Não me aguento mais. Vou embora. O último que sair apaga a luz
Chega. Cansei de mim. Faz tempo que venho me aturando, fingindo que a minha presença não me incomoda. Só que agora, realmente, não dá mais. Não suporto meus passos sempre apurados, minhas passadas largas e aquela pisada torta. Ando muito rápido, vivo numa maratona interna competindo comigo mesma, quando poderia — pelo menos uma vez ou outra — me sentar no banco da praça e ver a banda passar.
Não consigo sair de casa sem uma rota de atividades. Muito menos caminhar vagarosamente como as crianças que dão seus primeiros passos, tomar um sorvete aos pouquinhos com pena de acabar, me esquecer do mundo contemplando a chuva na janela… Gostaria de ser assim. De verdade. Mas não sou, ou se sou, faz tempo que não estou sendo.

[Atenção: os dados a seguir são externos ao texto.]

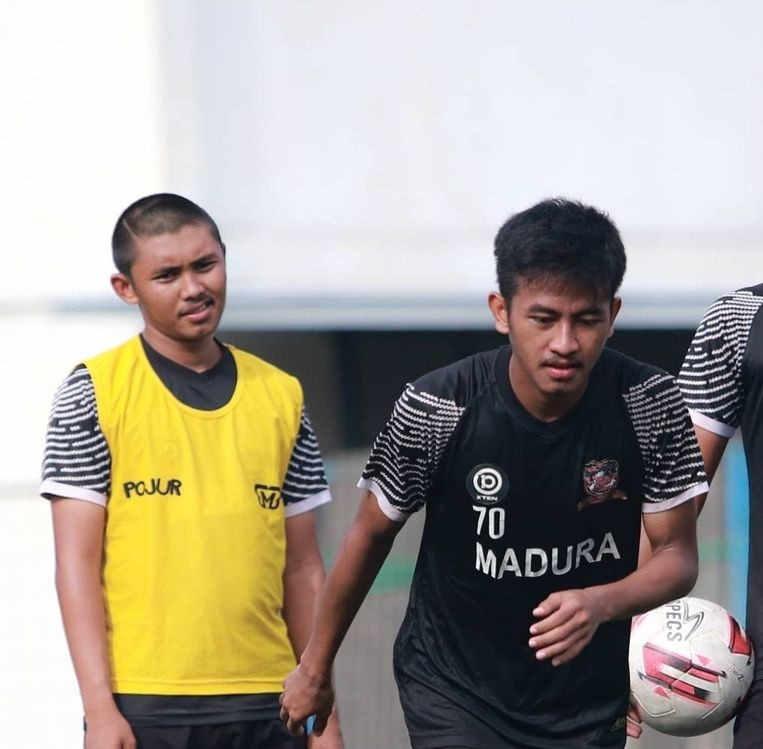 Maulana Romadhun (gelandang), dan Erik Gamis Sanjaya (bek tengah) adalah pemain jebolan EPA yang berhasil promosi di skuad utama Madura United. (Foto: Madura United)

Ando de saco cheio dessa minha pressa de chegar, depois de partir, porque tenho sempre tantas coisas por fazer! Eu não tenho tempo para tomar um café no meio da tarde com bolo de fubá e conversa fiada. Aliás, eu não tenho tempo para nada e reconheço que essa falta de tempo me tira o tempo, inclusive, de ter tempo para mim.
Não convivo comigo. Quase não me vejo. Me tornei praticamente uma estranha dentro de mim mesma. Saio cedo, volto tarde. Não me cruzo, não me ligo, não me presenteio e já nem lembro mais do que eu gosto. Às vezes, sim, me dou ao luxo de ouvir as minhas lamúrias, ainda que fatidicamente termine mal. Discordo, renego, me exalto. Depois me ignoro. Fico com raiva de mim. Magoada. Como um casal quando briga e um não suporta nem a respiração do outro. Estou desse jeito. Porque a minha voz também me tira do sério. Me irrita se estou sensível e chorosa. Me irrita quando nervosa e impaciente.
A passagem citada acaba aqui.